Bruxelas é o centro nervoso dessa rendição organizada. Seus tecnocratas não falam idiomas vivos — balbuciam jargões neutros em novilíngua progressista. Definem as normas de curvatura da banana com o mesmo zelo com que ignoram os atentados jihadistas em Paris ou Estocolmo. Governam sem povo, sem rosto e, sobretudo, sem responsabilidade. São os assassinos da soberania. A União Europeia se tornou aquilo que Tocqueville temia: uma rede invisível de pequenas regras que mantém os homens em eterna infância.
A liberdade de expressão — uma das maiores conquistas da modernidade ocidental — virou artigo de luxo. Na Alemanha, quem compartilha um meme errado pode ver a polícia bater à porta. No Reino Unido, o berço do parlamentarismo e da Magna Carta, velhos são levados em camburões por “ofensas digitais”. Enquanto isso, Marine Le Pen enfrenta perseguições jurídicas por ser, essencialmente, conservadora. Farage, por sua vez, é tratado como ameaça existencial, enquanto radicais islâmicos gozam da benevolência do Estado e da proteção da BBC.
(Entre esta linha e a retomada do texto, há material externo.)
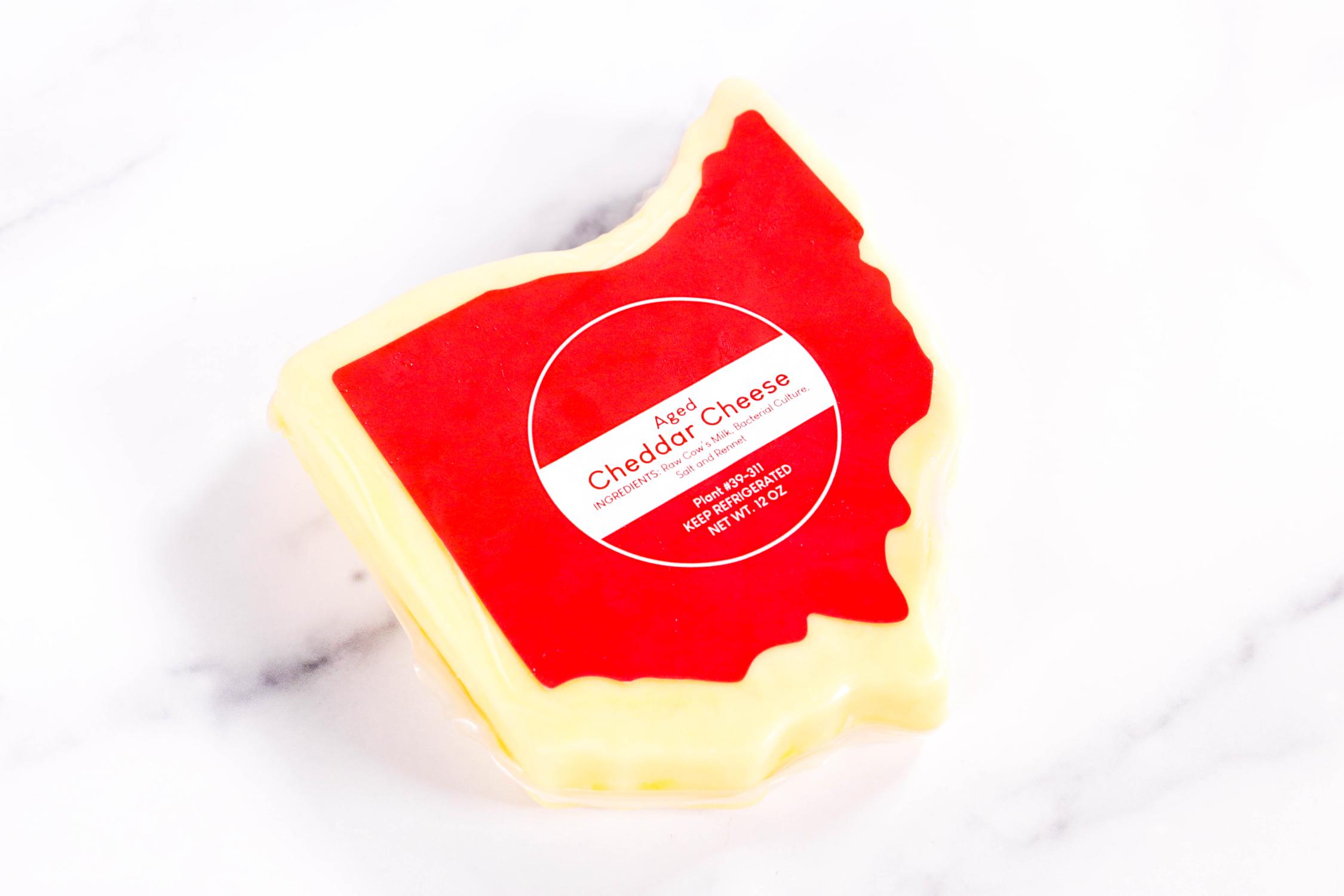 Ohio Shaped Cheese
O que resta da cultura europeia virou peça de museu — e nem isso sem censura. Bach foi trocado por Beyoncé, São Tomás de Aquino por Judith Butler. A academia é um culto ao niilismo. A arte, um panfleto autoflagelante. As igrejas, centros turísticos vazios ou abrigos inter-religiosos, onde o único dogma permitido é a negação de todos os anteriores.
Mas o mais trágico não é a destruição em curso. É o entusiasmo com que ela é celebrada. A Europa não está sendo invadida — está se dissolvendo. Está promovendo sua própria irrelevância com orgulho cerimonial. E isso é celebrado e patrocinado pelas duas potências orientais que têm como objetivo sobrepujar a hegemonia histórica Ocidental, China e Rússia.
Enquanto isso, o europeu já não quer ter filhos. O hedonismo é a nova teologia; a eutanásia, uma escolha digna; e o suicídio civilizacional, um gesto de progresso. Um continente que trocou fé pelo conforto, identidade por interseccionalidade e liberdade por likes.
O resultado é este: uma federação de ex-nações que legisla sobre o carbono, mas não sobre a própria continuidade. Onde o que resta de oposição conservadora é tratado como fascismo e o islamismo radical como diversidade vibrante. Onde se combate o aquecimento global com fervor quase religioso, mas se ignora o congelamento das almas.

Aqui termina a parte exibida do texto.